# Plotting very large datasets

There are a variety of approaches for plotting large datasets, but most of them are very unsatisfactory. Here we first show some of the issues, then demonstrate how the Datashader library helps make large datasets practical.

In [None]:
import pandas as pd

from bokeh.plotting import figure, output_notebook, show
from bokeh.models import ColumnDataSource, CustomJS, Range1d
from bokeh.io import push_notebook
from bokeh.tile_providers import STAMEN_TONER

from datashader.pipeline import DatashaderPipeline, Interpolate
from datashader.callbacks import IPythonKernelCallback

output_notebook()

## Load NYC Taxi data (takes a dozen seconds or so...)

In [None]:
df = pd.read_csv('data/nyc_taxi.csv',usecols=['pickup_x','pickup_y','dropoff_x','dropoff_y','passenger_count'])
x_range = (-8240227.037,-8231283.905)
y_range = (4974203,4979238)
df.tail()

## Define a simple plot

In [None]:
def base_plot():
    p = figure(tools='pan,wheel_zoom,box_zoom', plot_width=800, plot_height=500, x_range=x_range, y_range=y_range)
    p.add_tile(STAMEN_TONER)
    p.axis.visible = False
    return p
    
options = dict(line_color='black', fill_color='red')
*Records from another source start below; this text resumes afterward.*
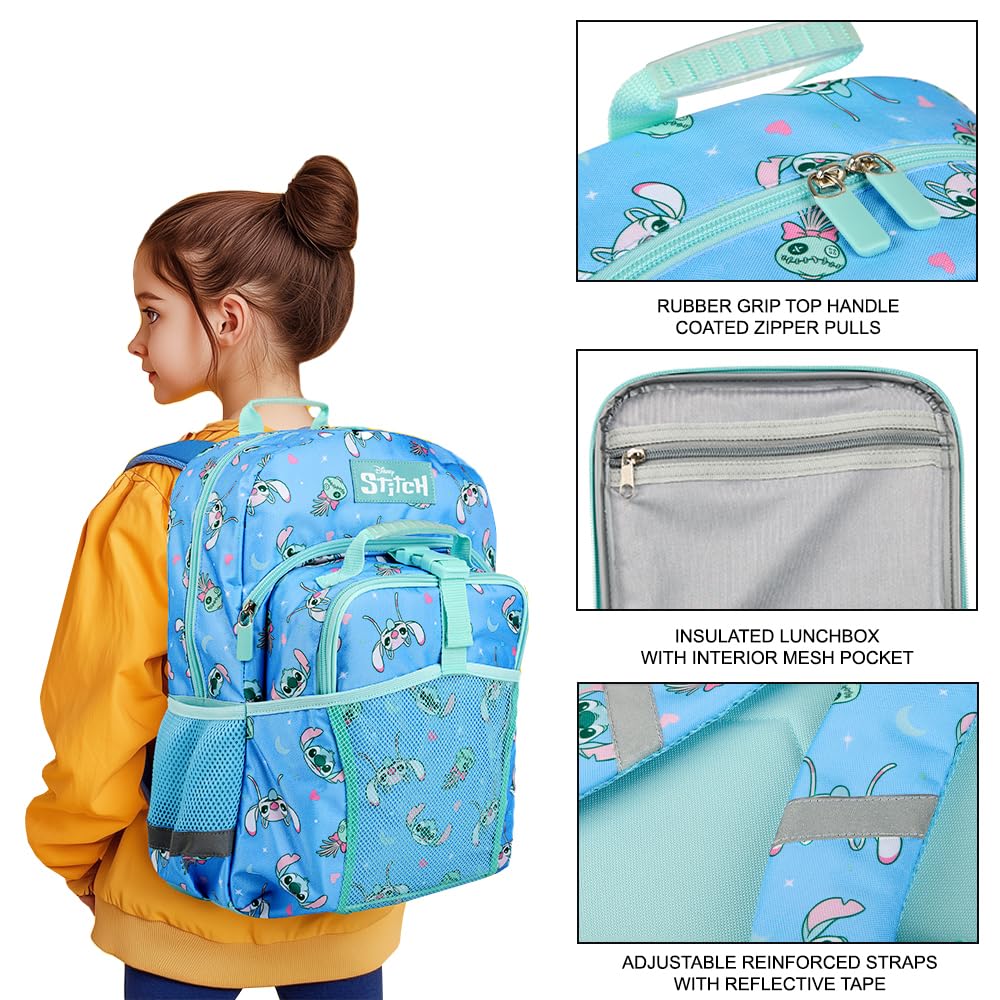 Bioworld Disney's Stitch 2-Piece 16" Premium Youth Backpack & Lunch Kit Set For Girls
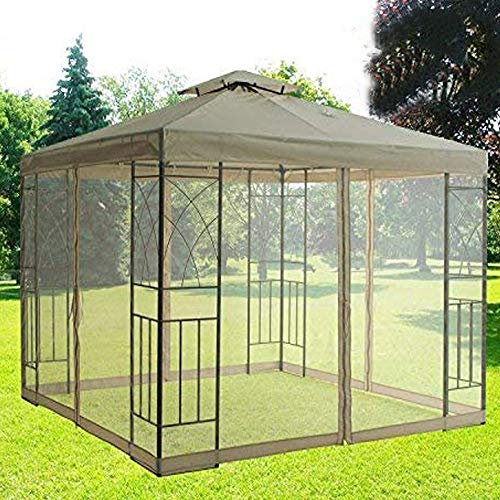Greenbay Outdoor Garden Pavilion Tent Mosquito Side Net Curtains Cover Bug Netting Cover Replacement Metal Gazebo Spare Part Ivory (Side Net Only)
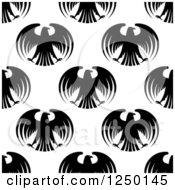 Clipart Of A Seamless Background Pattern Of Black Eagles Royalty Free Vector Illustration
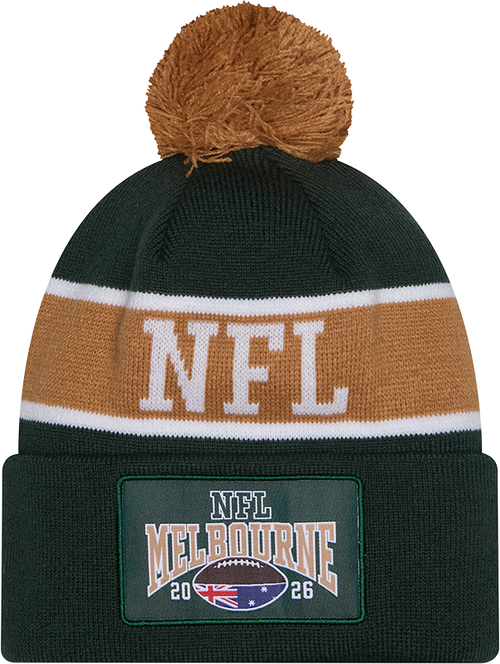 NFL Melbourne Game 2026 New Era Green Beanie
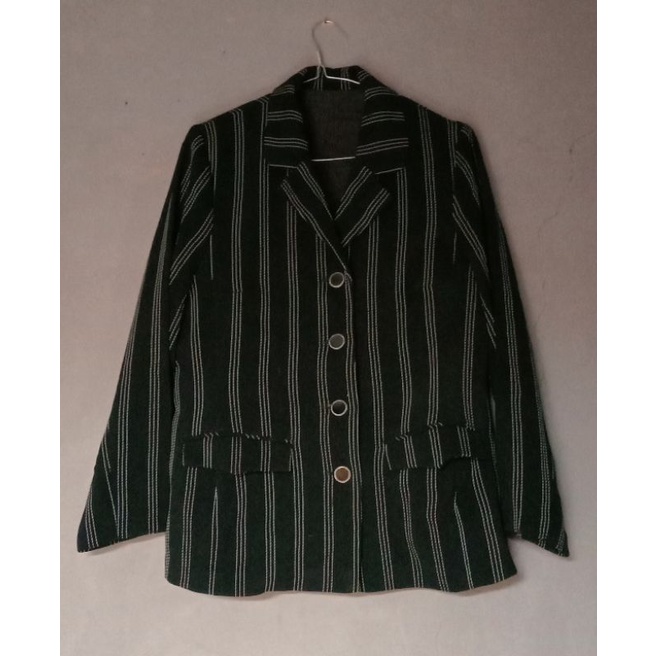 PRELOVED BLAZER HITAM-BLAZER FORMAL, KANTOR, BLAZER HITAM GARIS-GARIS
## A few points are fine using a Bokeh scatterplot

In [None]:
samples = df.sample(n=1000)
p = base_plot()
p.circle(x=samples['pickup_x'], y=samples['pickup_y'], **options)
show(p)

## When plotting more than a couple thousand points, the study area is saturated.

In [None]:
samples = df.sample(n=10000)
p = base_plot()
p.circle(x=samples['pickup_x'], y=samples['pickup_y'], **options)
show(p)

## Making the points tiny and partially transparent helps a bit
  
However, it is tricky to set the size and alpha parameters.  The correct value of both depends on zoom level and number of points; at higher zooms you need larger sizes and higher alpha values, which requires editing the code each time.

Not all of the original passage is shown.